Sein Team feierte den Rookie, als hätte er das Rennen gewonnen. Tech3-Chef Herve Poncharal hätte sich kaum einen besseres Heimrennen für seine Mannschaft ausmalen können. Seinen Glücksgefühlen ließ er am ServusTV-Mikro vollen Lauf: "Heute ist einer der besten Tage meines Lebens. In der Moto3 haben wir [mit Daniel Holgado, Anm. d. Red.] unser erstes Rennen in Frankreich gewonnen. Und jetzt dieser Erfolg von Augusto. Das Wochenende war nicht leicht. Ich denke, dass er viel Applaus verdient hat, weil das erst sein fünftes Wochenende in der WM ist. Er hatte viel Druck und ist ein Rookie. Chappeu!"
Fernandez will mehr: Bin hier, weil ich gewinnen will!
War Le Mans nun der Durchbruch zur MotoGP-Spitzengruppe?

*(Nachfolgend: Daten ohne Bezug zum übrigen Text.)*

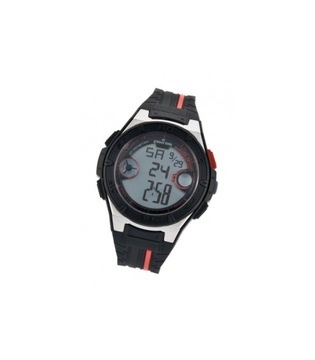 Męski zegarek Jordan Kerr D11-0037A pudełko GRATIS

Fernandez dämpfte die Erwartungen: "Zumindest haben wir einen kleinen Fortschritt erzielt. Ich möchte nicht sagen, das wird jetzt das ganze Jahr in diesem Stil weitergehen, denn das ist das erste MotoGP-Wochenende, an dem ich drei Tage lang gut abgeschnitten habe. Es ist zu früh für weitere Prognosen." Wo dieser Fortschritt lag, wusste der Moto2-Weltmeister zu benennen: "Wir haben am Motorrad bei der Ergonomie einige Verbesserungen erzielt. Wir haben im Grunde dasselbe Bike wie am Saisonbeginn, aber ich fühle mich jetzt beim Fahren etwas besser."

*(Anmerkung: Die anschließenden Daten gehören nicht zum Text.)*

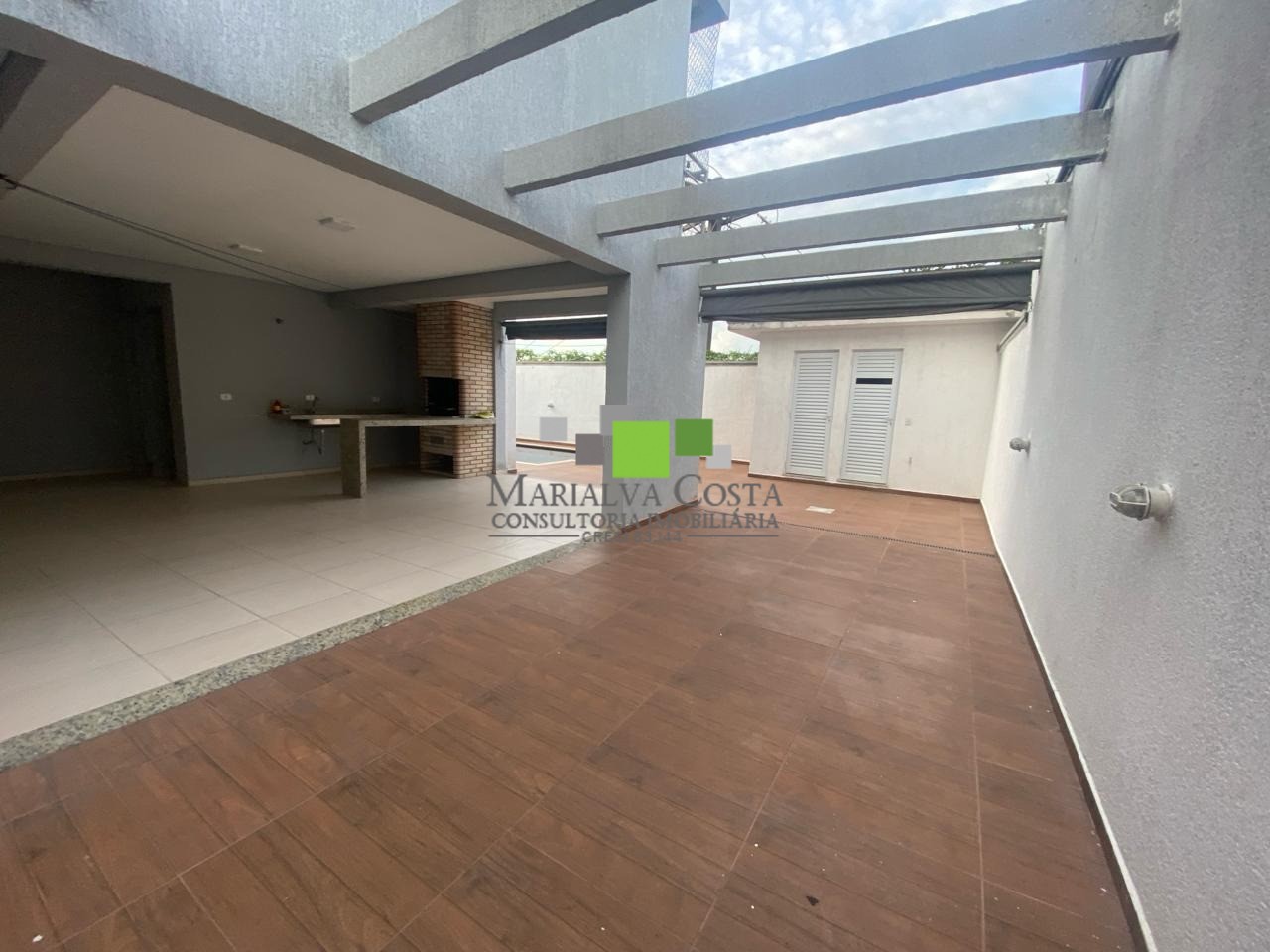 Casa, 4 quartos, 246 m² - Foto 8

Doch reichen Fernandez' Fortschritte auf Dauer aus, um in der MotoGP zu verbleiben? Pedro Acosta stürzte zwar im Moto2-Rennen von Le Mans, dennoch gehen fast alle im Paddock von seinem MotoGP-Aufstieg 2024 aus. Da Pol Espargaro einen Vertrag bis 2024 hat, müsste der Logik nach Fernandez weichen. Dieser denkt aber gar nicht daran, sondern stellt seine sportlichen Ambitionen heraus: "Da müsst ihr jemand anderes fragen. Ich treffe da keine Entscheidungen. Ich bin jedenfalls glücklich, denn ich habe jetzt beim fünften Grand Prix der Saison einen vierten Platz in der MotoGP. Ich fokussiere mich auf meinen Job. Und ich will noch mehr. Ich bin hier, weil ich gewinnen will. Und darauf konzentriere ich mich."